So Tom just alluded to under investment in fossil fuels being one of the factors that led to the current high price and supply concerns around the world. And we think it's a pretty important factor. I think that the awkward place that world leaders and institutions find themselves in is for the last few years, there has been a push to limit fossil fuel producers from producing in the name of climate change. And right now we've ended up in a place where supply constraints decades ahead of a comparable change in demand. And so we're dealing with this paradox and this moment of global reckoning that's a little bit different than what we had before. So we're not sitting here saying the energy transition is not happening. I think from this room, we all fully expect that at some point in the future, the way we consume energy will look very different than today, but we do believe there's a very long interim period. And as we change the way people consume energy, which is the demand side of the equation, we've got to keep the supply side of the equation in mind. And I think over the last few years, we've seen producers influenced by the push to restrain supply, which partly has its roots in a misguided notion that if you can keep a barrel on the ground, you're going to reduce reliance on it. And that's not turning out to be true. People still need that barrel, now they just have to get it from someone else and at a higher price. And the bottom line is in order to meet the world’s energy demands through the transition, we will need significantly higher investment in fossil fuels in order to keep global economies coming. And we're going to need a strong global economy to execute the energy transition itself.

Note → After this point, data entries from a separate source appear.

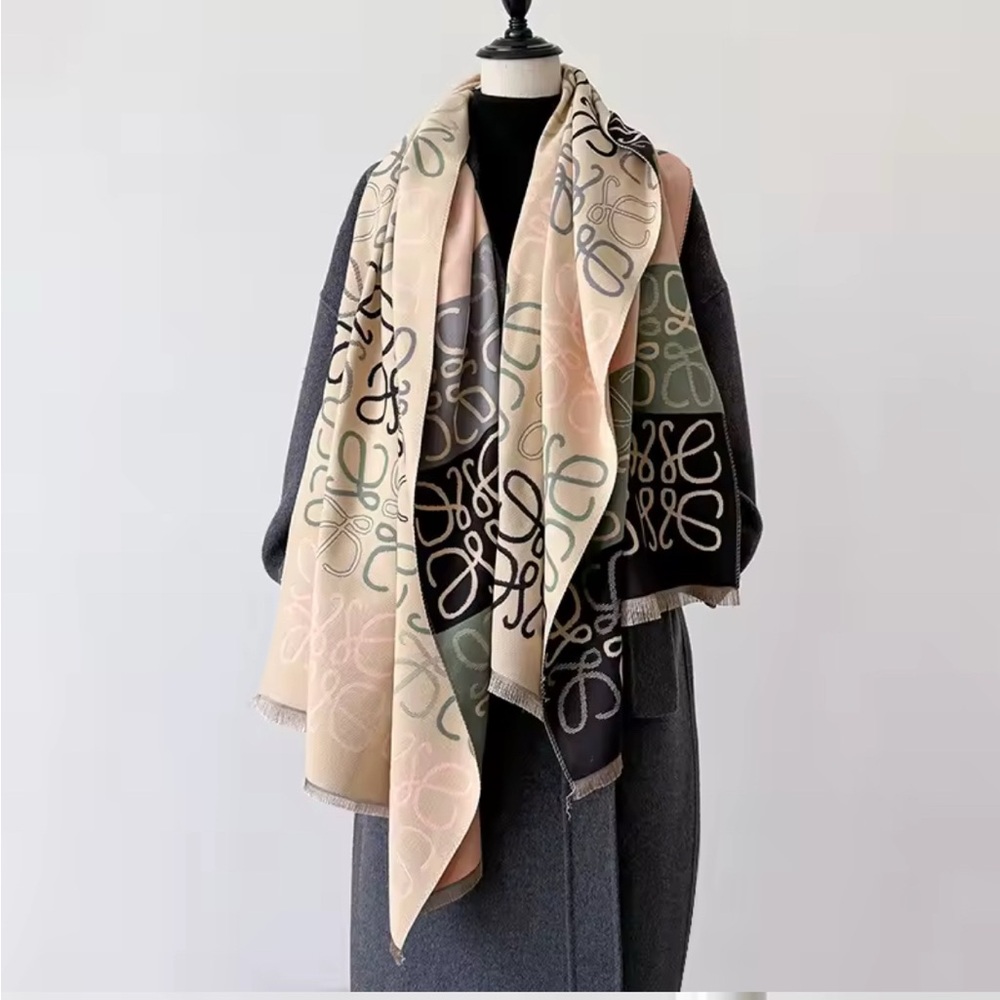 Anagram Lines Scarf - Cream -Wool, Silk, and Cashmere blend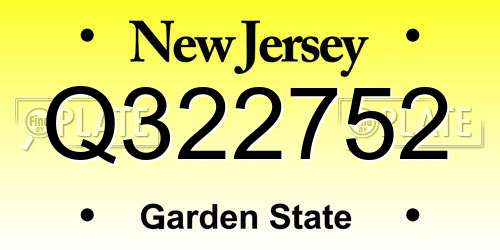 Q322752 New Jersey License Plate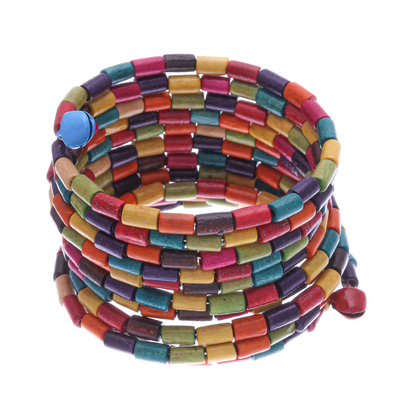 Multicolor Wood Cylinder Beaded Wrap Bracelet with Bells (2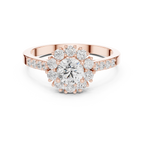Round Diamond Halo Engagement Ring with Pavé Band 0.97 CTW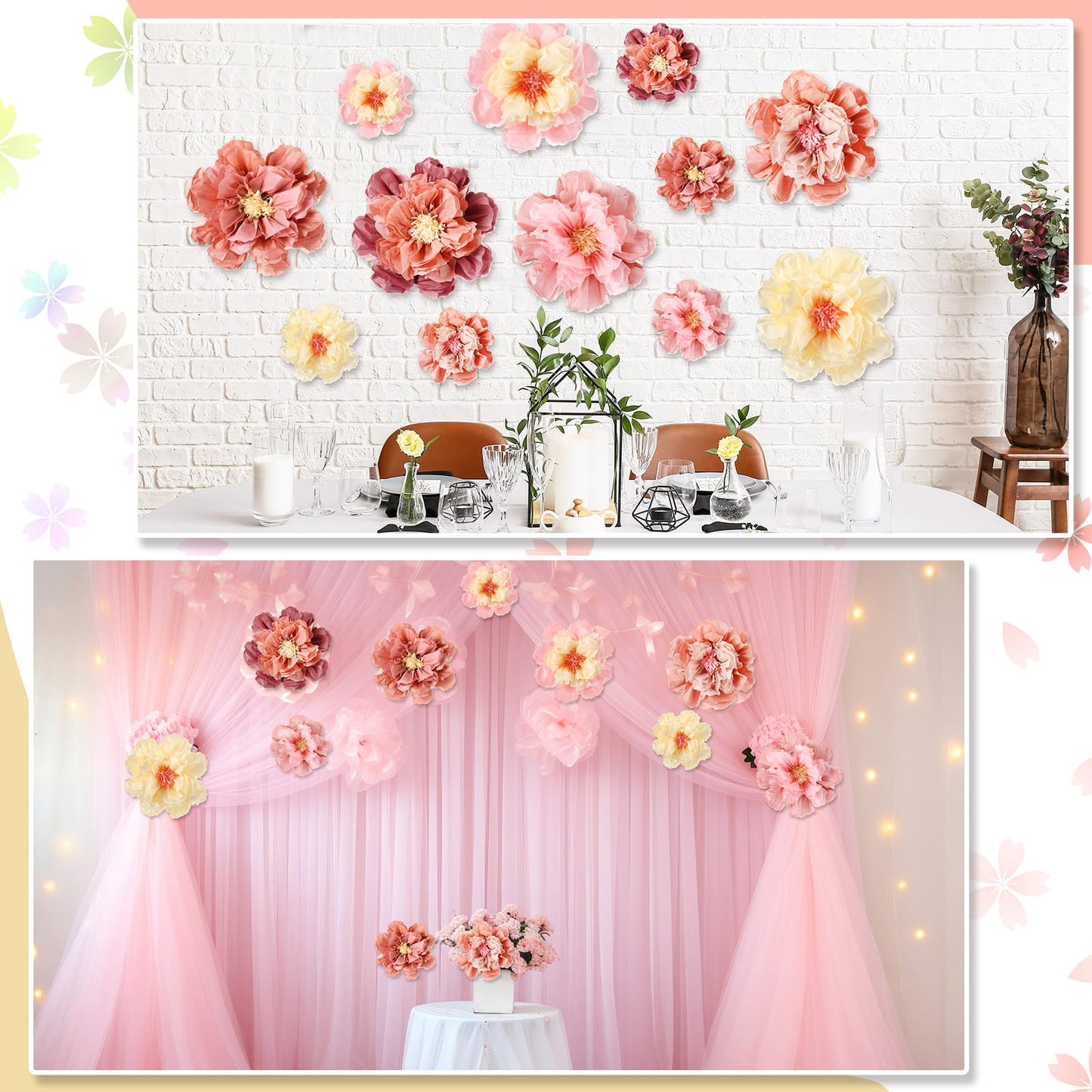 MotiMind 12 Pcs Large Colorful Tissue Paper Flowers 20  10   Giant Fiesta Paper Flowers Mexican Pom for Carnival Party Wall Ba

So, if we accept the notion that we are going to need more investment and higher supply, we set up for ourselves where the supply should come from. We continue to believe that North American hydrocarbons are the single most compelling affordable, reliable, and environmentally conscious energy as Tom already alluded to.
On Page 7, you can see the EIA is in fact forecasting meaningful growth for U.S. oil, NGLs and gas. Although for oil, it is still not enough to offset the losses in production experienced from COVID. And importantly, infrastructure assets today are largely already in place to withstand these increases from the infrastructure build out of the 2010 through 2020 decade.
Beyond 2022, on this chart, we believe the U.S. is the logical place for the world to continue to come to grab those hydrocarbons. There's a patent absurdity to some of the headlines we see today where world leaders with access to robust domestic resources are calling on OPEC to increase capacity as if an OPEC barrel or a Russian barrel, Brent cleaner than a U.S. barrel.
In addition, U.S. hydrocarbons are arguably the world's most affordable traditional fuel source that several other large exporting countries use proceeds from oil operations to fund social budgets. For example, Saudi Arabia has a fiscal breakeven oil price at $76 compared to breakeven below $50 for most of U.S. producing regions, where producers are drilling for profitability. In addition the United States has a compelling infrastructure advantage that enables us to offer more reliable supply. This vast energy network, which our companies operate can provide multiple outlets in virtually any basin and the ports and docks around the country. And it's partly why numerous international counterparties have turned to U.S. liquified natural gas over the last several years. This reliability advantage has surfaced multiple times recently. Currently, we're living through a period where Russia is undersupplying Europe and it can manifest in other ways. Most notoriously, I'm sure some of you will remember in 2019, there was a drone attack on Saudi processing facilities. It took nearly 2 million barrels a day offline for weeks, leading to a 20% one day surge in crude prices.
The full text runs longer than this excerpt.